→ **PROVIDED DATA**:
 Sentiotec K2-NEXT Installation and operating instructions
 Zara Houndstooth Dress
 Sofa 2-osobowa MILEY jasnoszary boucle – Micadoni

→ **PROBLEM DESCRIPTION**: Retype the listing above in full, with no alterations.

→ **WRITTEN RESPONSE**:
 Sentiotec K2-NEXT Installation and operating instructions
 Zara Houndstooth Dress
 Sofa 2-osobowa MILEY jasnoszary boucle – Micadoni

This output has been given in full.